FIG 1.

Sensitivity to G3BP deletion correlates with the presence of Arg residue at P4 position of 1/2 site. (A) U2OS WT or ΔΔ cells were infected with SFV4 or SFV A774 at an MOI of 0.1, and at indicated time points, viral titers were quantified by a plaque assay. Data are means of the results from three independent experiments. Error bars indicate the standard error of mean (SEM). SFV A774 virus titers were compared to SFV4 titers at each time point and cell line, and statistical differences were as follows: ns, P > 0.05; *, P ≤ 0.05; **, P ≤ 0.01; ***, P ≤ 0.001. (B) Schematic representation of trans-replication components for expression in human cells.
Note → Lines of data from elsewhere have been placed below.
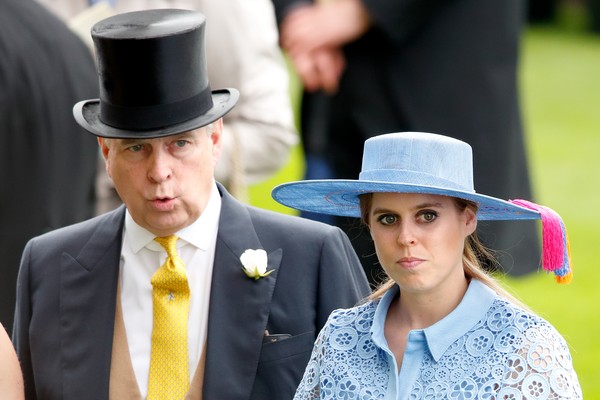Príncipe Andrew e sua filha, a Princesa Beatrice (Foto: Getty Images)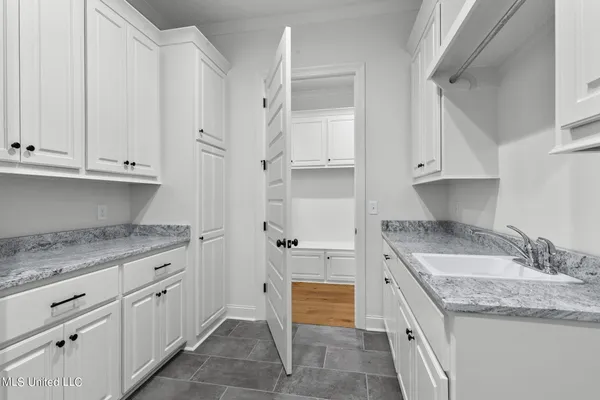$392,000 | 340 Freedom Ring Drive, Brandon, MS 39047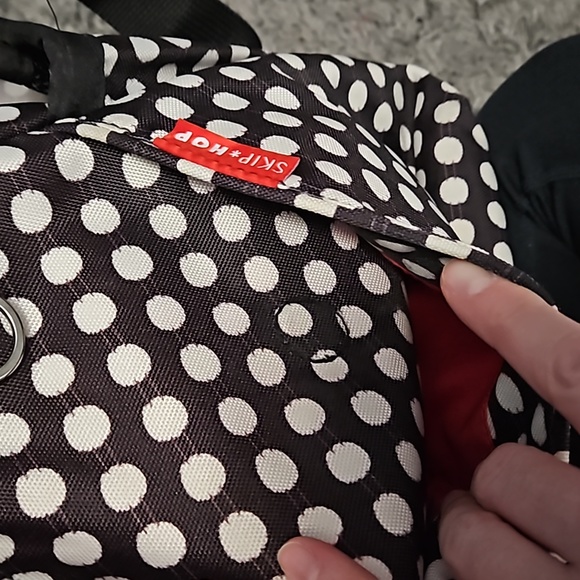 Skip hop diaper bag - Picture 4 of 11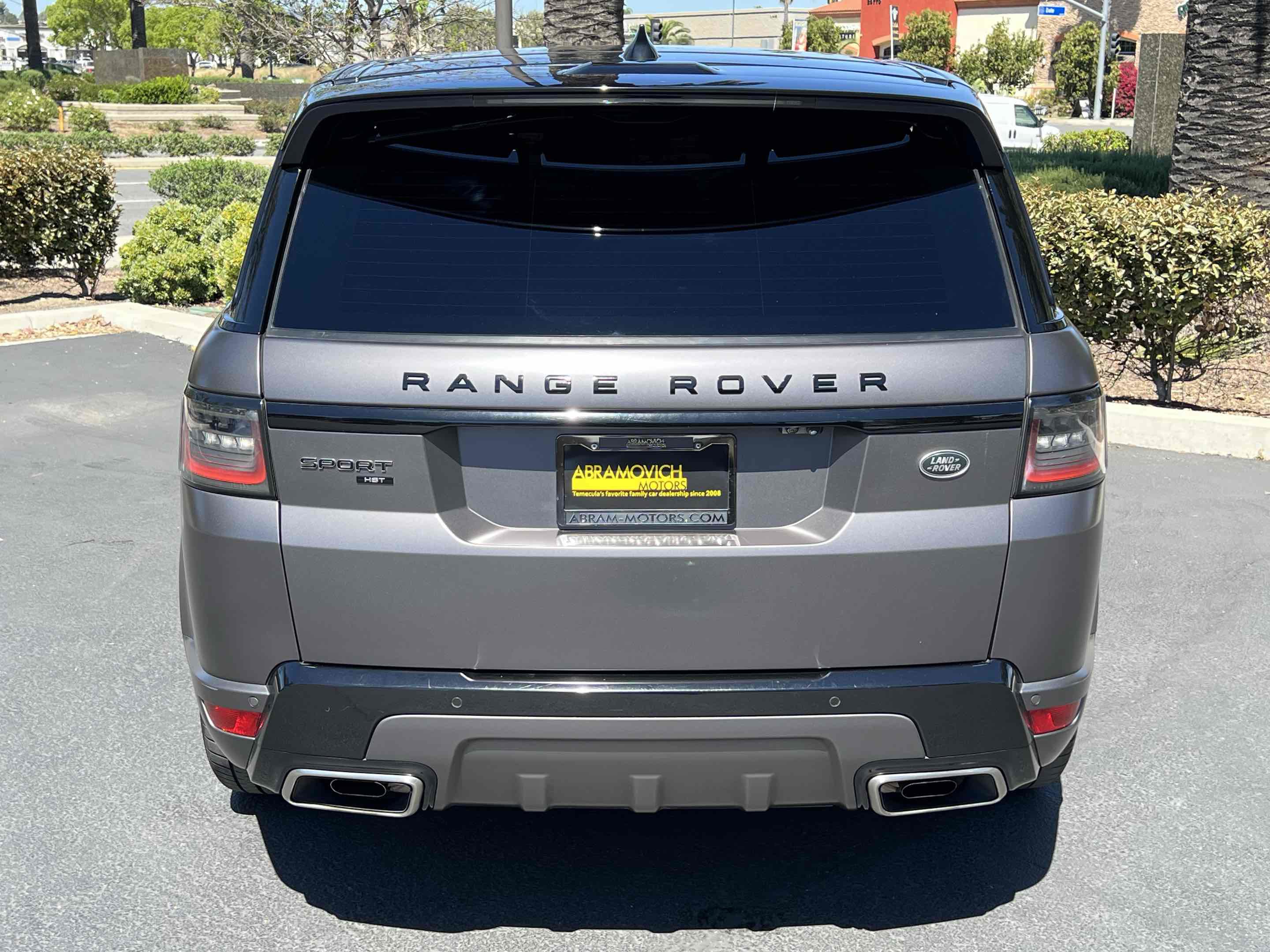 Used 2020 Land Rover Range Rover Sport HST image 18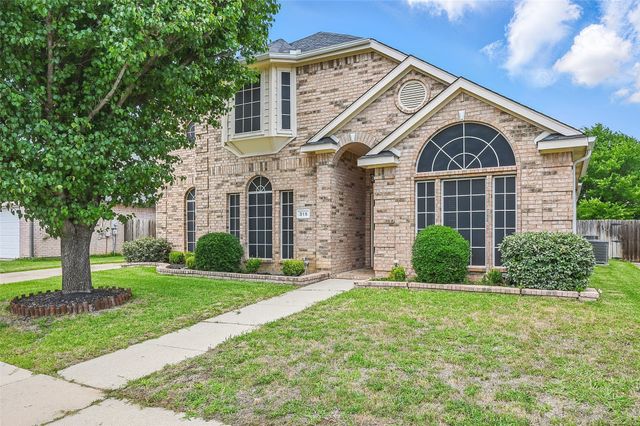 315 Hudson Falls Drive, Arlington, TX 76002
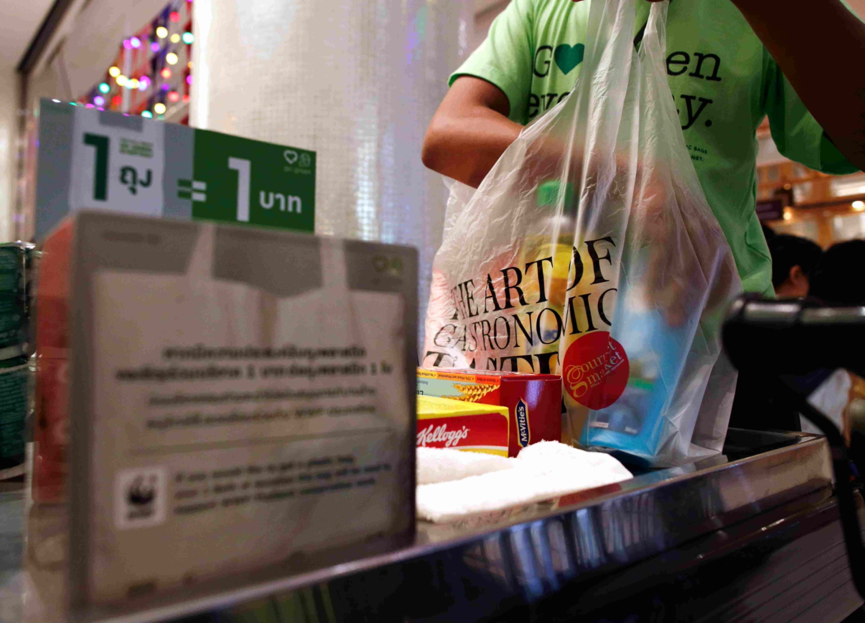 泰國：手提塑料袋及一次性塑料杯使用（yòng）量減少100%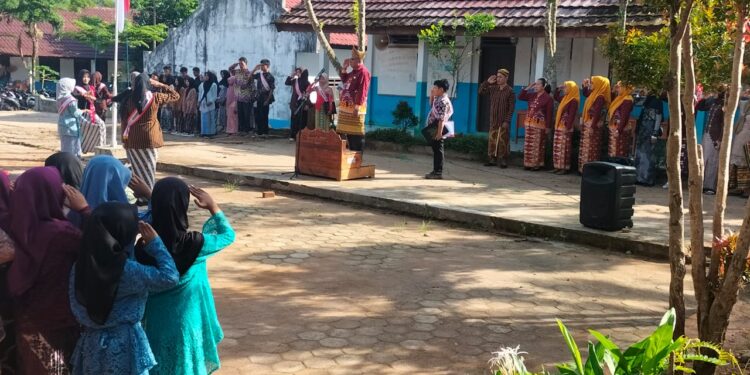 SD NEGERI 1 BASUNGAN dan SMP NEGERI 1 PAGAR DEWA Peringati HARDIKNAS 2026
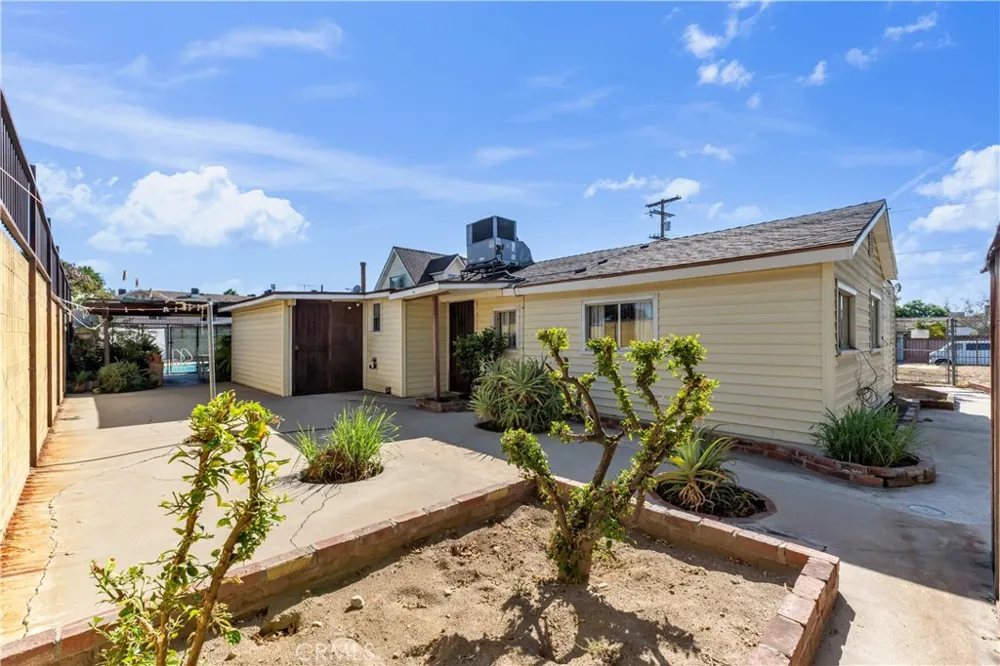 7522 Radford Avenue North Hollywood, CA 91605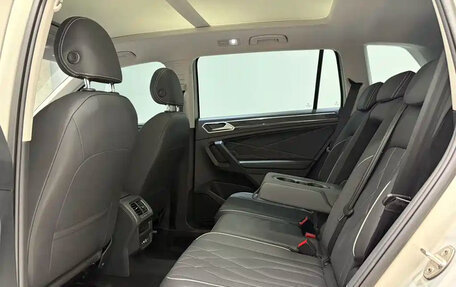 Volkswagen Tiguan II, 2023 год, 2 503 100 рублей, 12 фотография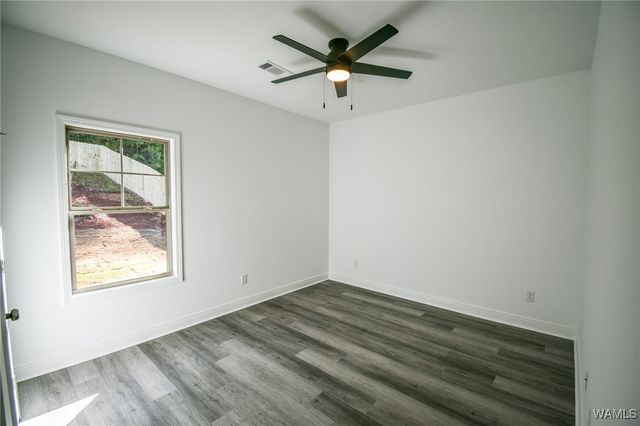 5200 Summerfield Dr E, Tuscaloosa, AL 35404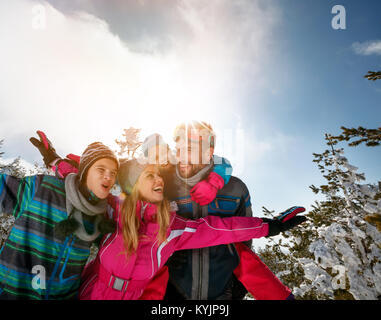 La famiglia felice su sci vacanze in montagna divertendosi Foto Stock
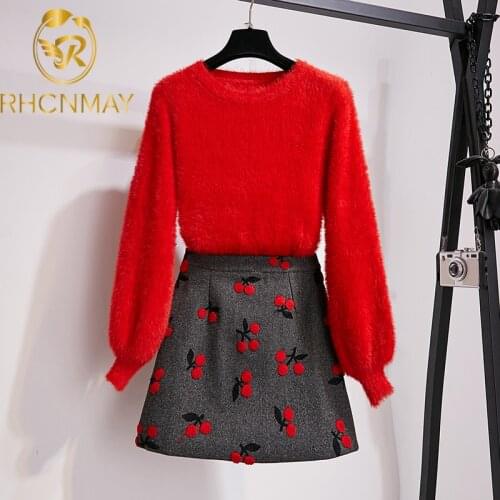 2020 Women Two Piece Set New Fashion Fall Winter Yellow Mohair Lanter Sleeve Pullover And Woolen Embroidery Mini Skirt Set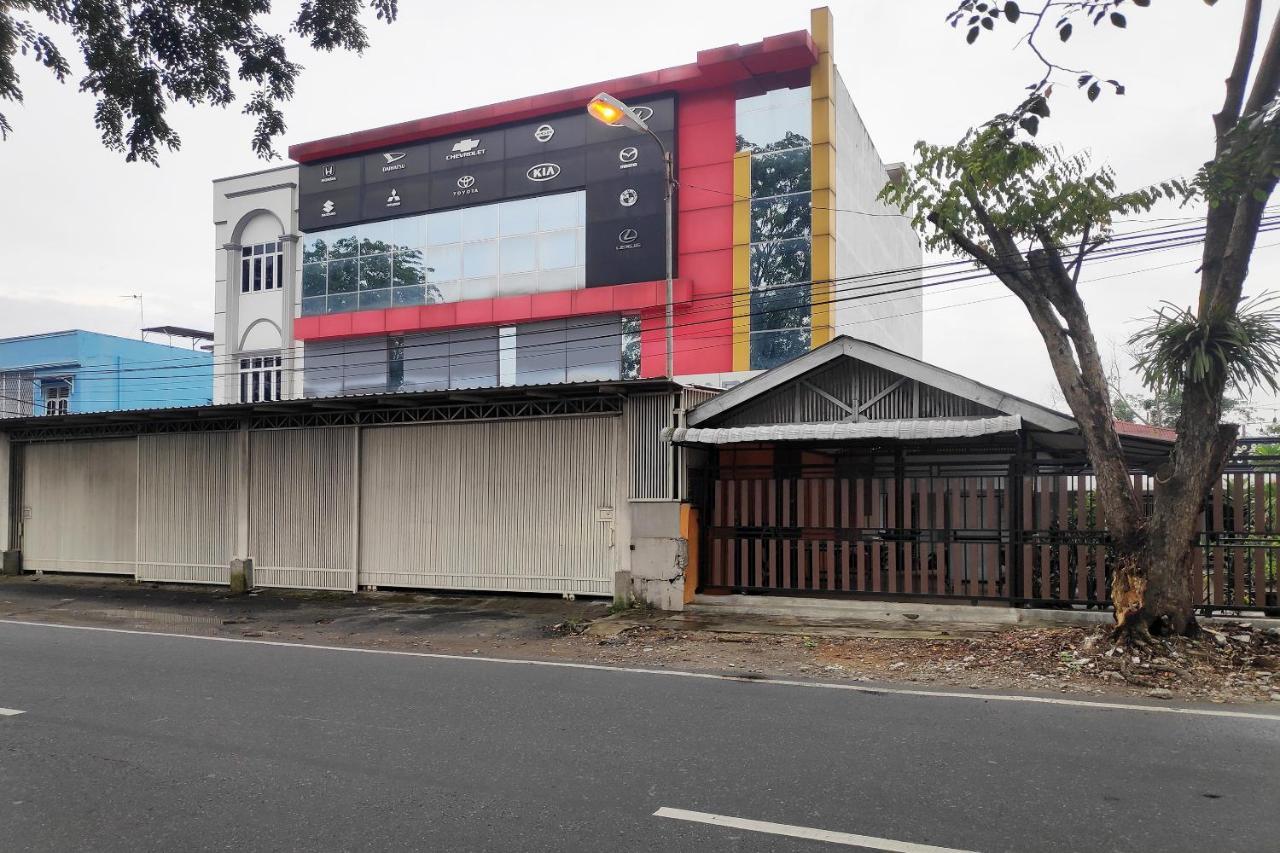 Oyo 90015 Platinum Guest House Medan Dış mekan fotoğraf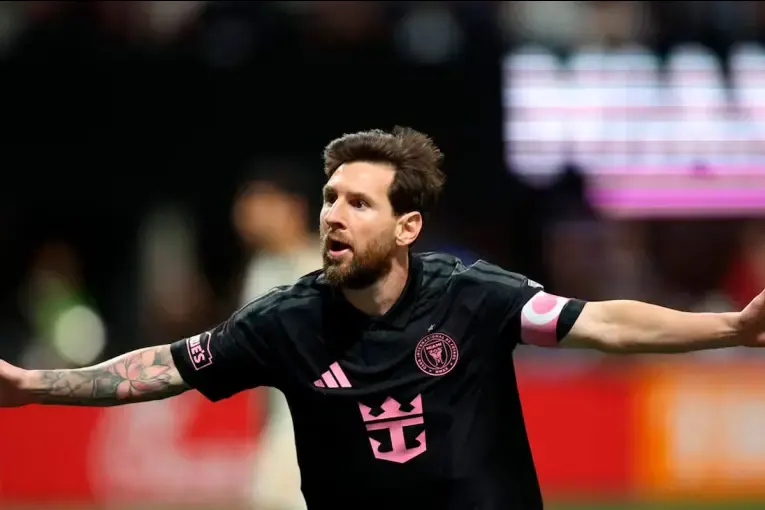 Messi brilló con un doblete en la victoria de Inter Miami como visitante ante Atlanta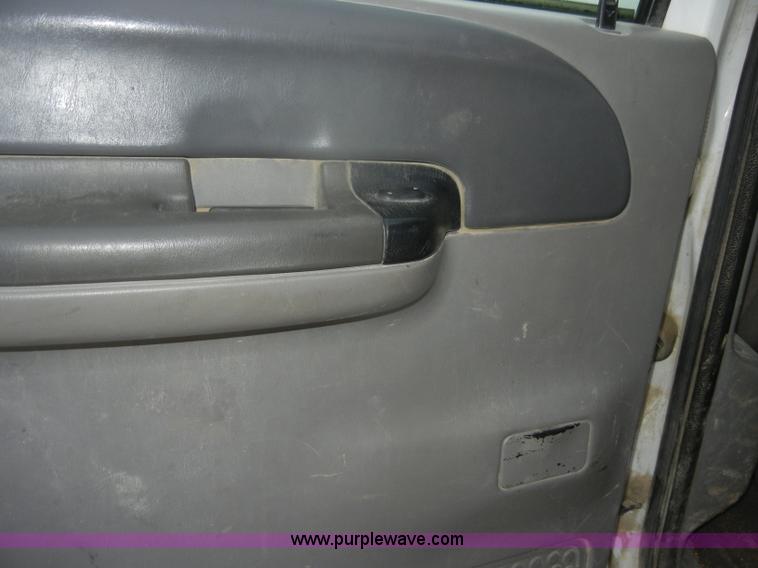 image for item D4799 1999 Ford F350 Super Duty Crew Cab pickup truck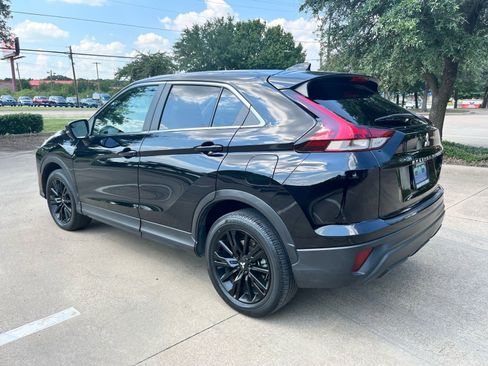 Used 2023 Mitsubishi Eclipse Cross LE image 8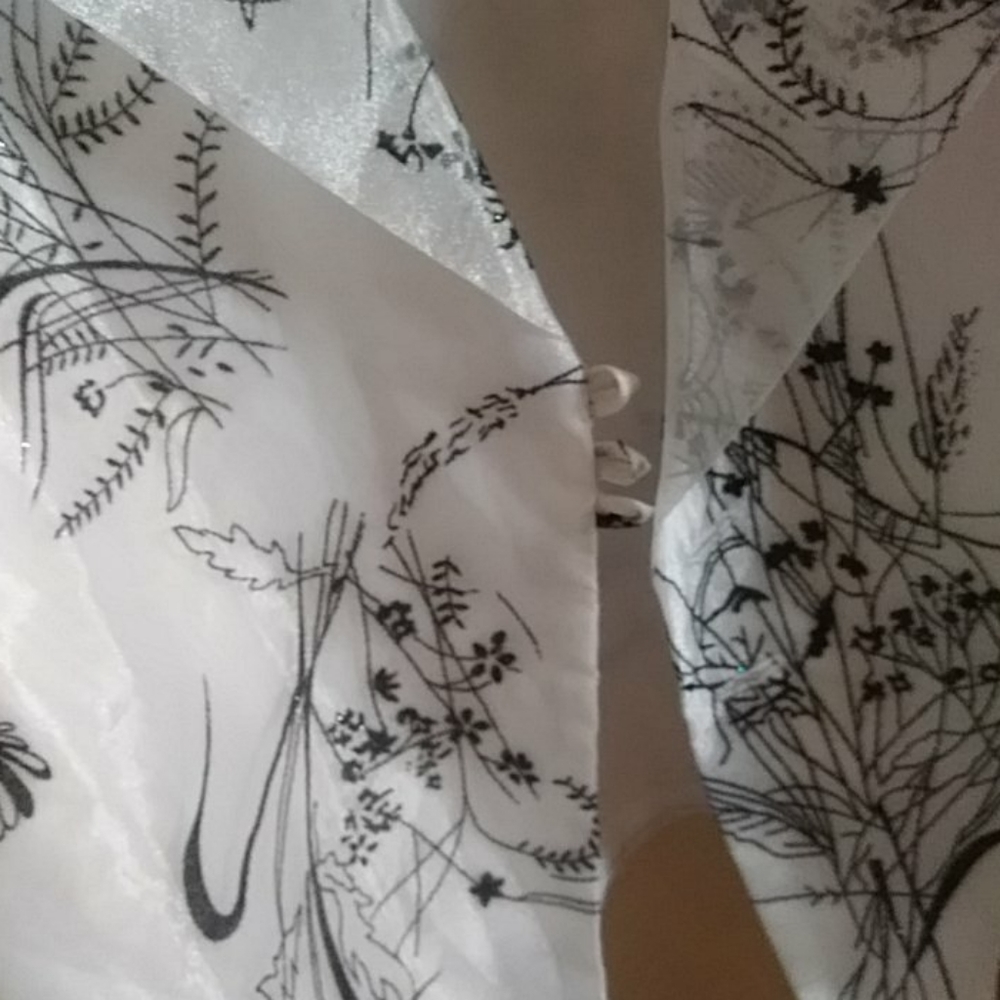 Blouse - Picture 7 of 12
The ns proteins are expressed from a cytomegalovirus (CMV) promoter-based plasmid. The RNA template, which is replicated in trans by the ns proteins, is expressed from a separate plasmid using the human RNA polymerase I promoter (HSPolI). Upon RNA replication, the RNA template resembles the viral RNA but encodes Fluc and Gluc reporters in place of the ns and structural proteins, respectively. SGP, subgenomic promoter; Fluc contains 77 amino acids of nsP1 on its N terminus that are not shown in the figure. UTR, untranslated region. (C) U2OS WT or ΔΔ cells were cotransfected with indicated replicase and corresponding template expression constructs. Fluc (replication) and Gluc (transcription) activities were measured 18 h posttransfection and normalized to signals obtained from control cells transfected with catalytic-inactive replicases and templates. Data are shown as the ratios of replication and transcription signals in U2OS WT to ΔΔ cells from three independent experiments. Means are shown, and error bars indicate the standard deviation (SD). (D) Sequence analysis of 1/2 site residues of replicases analyzed in panel C. Residues at the P4 position are highlighted.